:: Exercise data ::
————
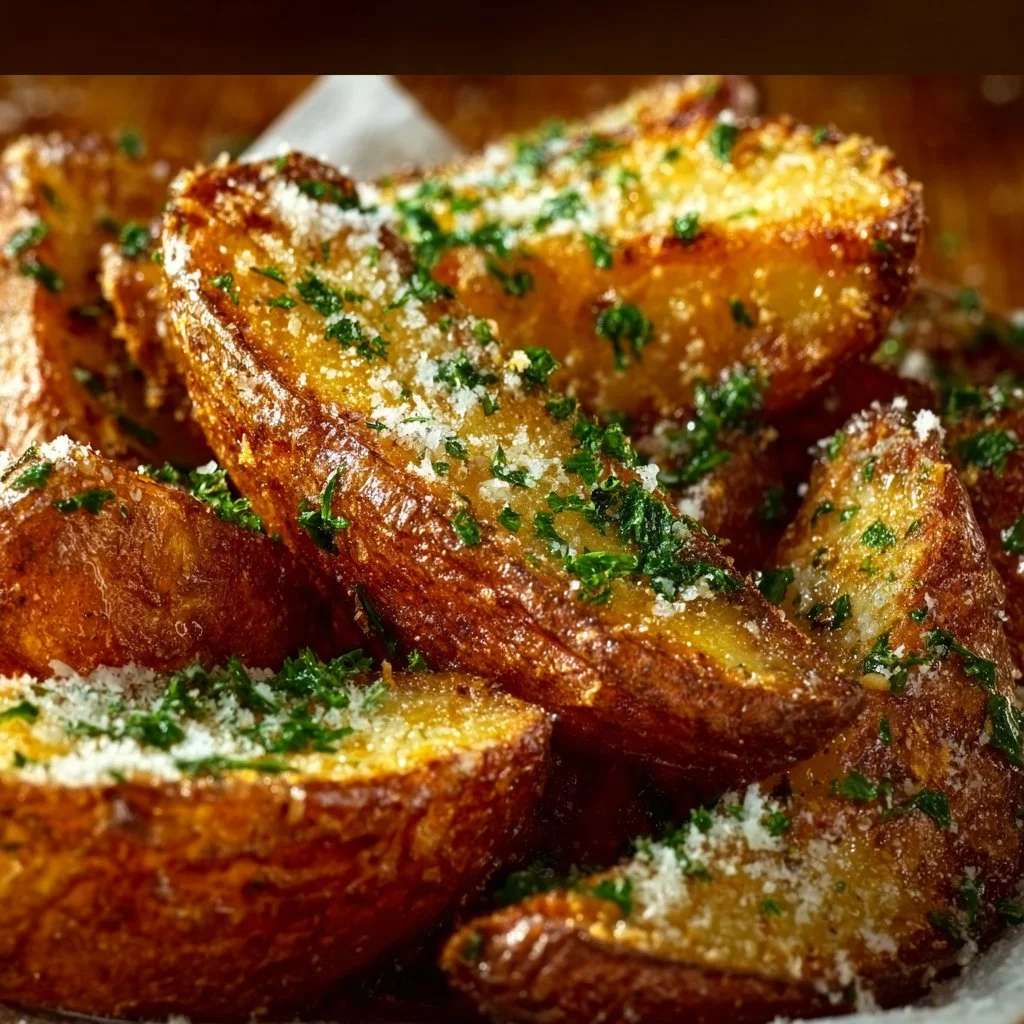 Air Fryer Baked Garlic Parmesan Potatoes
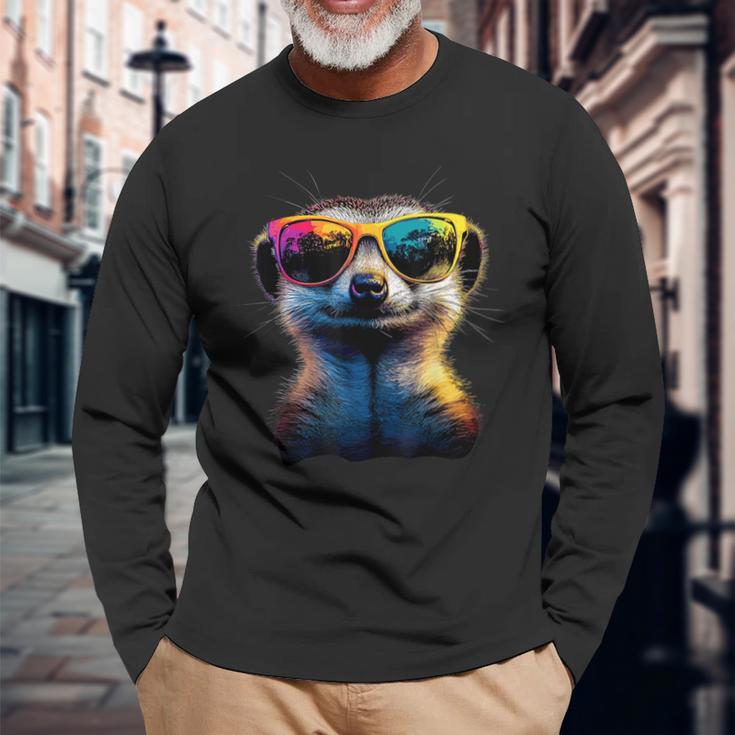 Meerkat With Sunglasses Colourful Popart Cute Meerkat Langarmshirts Geschenke für alte Männer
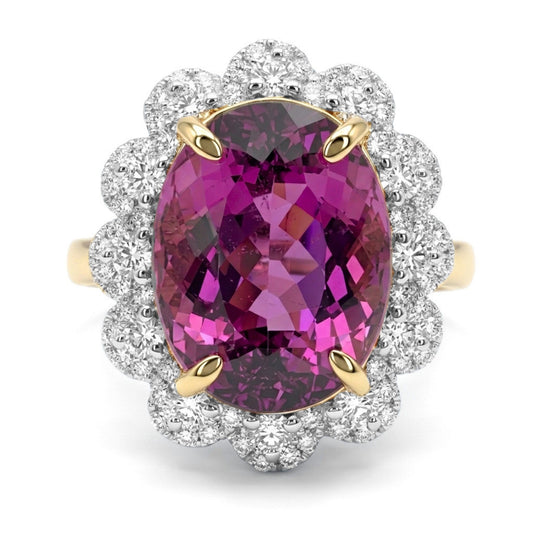 14K 9.38ct Oval Copper Bearing Tourmaline 0.84cttw VS White Diamonds Ring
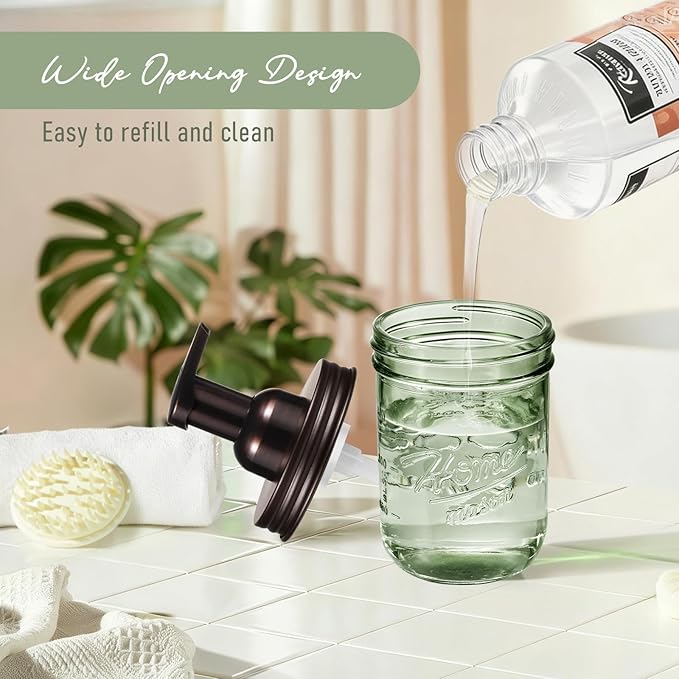 SheeChung Mason Jar Foaming Soap Dispenser, Stainless Steel Lid, BPA Free Pump, Green Glass Foam Hand Soap Dispenser, 16 Oz Refillable Liquid Foam Dispenser Bottle for Bathroom Kitchen-Bronze, 2 Pack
————
Print the material above verbatim, no images.

:: Output ::
 Air Fryer Baked Garlic Parmesan Potatoes
 Meerkat With Sunglasses Colourful Popart Cute Meerkat Langarmshirts Geschenke für alte Männer
 14K 9.38ct Oval Copper Bearing Tourmaline 0.84cttw VS White Diamonds Ring
 SheeChung Mason Jar Foaming Soap Dispenser, Stainless Steel Lid, BPA Free Pump, Green Glass Foam Hand Soap Dispenser, 16 Oz Refillable Liquid Foam Dispenser Bottle for Bathroom Kitchen-Bronze, 2 Pack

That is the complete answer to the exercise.